Hi Amelia,
I was diagnosed 12 months ago and had the tremor for 12 months before that.
I knew something was wrong but had blamed it on side effects of drugs I am on for other conditions.
When the neurologist gave her verdict, I was not surprised, just a bit numb.
She pointed me in the direction of some information about PD and told me I had plenty of time to absorb the news. Things happen relatively slowly.
I have done a lot of reading and attend the local PD group. 12 moths on, I am definitely more at peace with the condition and while not excited about the future with PD, I no longer worry about it.
Most people I tell about my PD reply that they know someone else with PD so there is not the need to explain.
At a local coffee shop, the waiter asked if I wanted a tray to carry the drinks.

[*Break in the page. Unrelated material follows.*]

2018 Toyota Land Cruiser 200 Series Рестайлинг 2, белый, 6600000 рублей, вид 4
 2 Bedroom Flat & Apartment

She now knows that I can manage take-away cups OK.
I like it when we can joke about it. If I see a bottle that has “shake well before opening” I will always offer!
There are a few acquaintances who have written me off but I wouldn’t class them as friends anyway.
I do carry a PD card in my wallet but have never needed to bring it out.
It is spring here in Australia so I am about to start on some house renovations. I know I can use a hammer but not sure about holding the nails steady. A few bruised fingers coming up.
I was so excited that people replied to my post so quickly, I find with swimming that I have more strength in my legs than my arms so I tend to "nosedive, which tended to scare me, there is no lifegurard where I used to go and years ago when I tried aquarobics and used a float I used to go backwards! thank you for your support have a great day
Hi Tot,
thank you for your good advice, I don’t freeze at present just very stiff and admire your strength and good humour. I find it scary when trying to cross a busy main road after getting off bus (unfortunately no crossings anywhere) especially when its dark - as it usually is when I finish work (2 buses and 2-3 hrs journey home after work). Thank you for replying and your good wishes,
Hope you have a great day.
Hi, Vaughan, thank you for your reply. Its sad the affect P.D. has on peoples confidence. I also find having to take regular meds and not eat for 30min afterwards (Sinemet) has an impact as working in a medical environment I am not always able to choose what time I have my breaks. Only my very close family and children know about my diagnosis I don’t feel ready to tell anyone else yet. thank you again for your reply. hope you have a great day.
Hi Annie,
Thank you for your reply, you have me intrigued - what is Hydro-rider? I used to go to aquarobics years ago and when I used a float used to make me swim backwards. The last time I tried swimming because I have less strength in my arms than in my legs I used to “nosedive” into the water and it frightened me.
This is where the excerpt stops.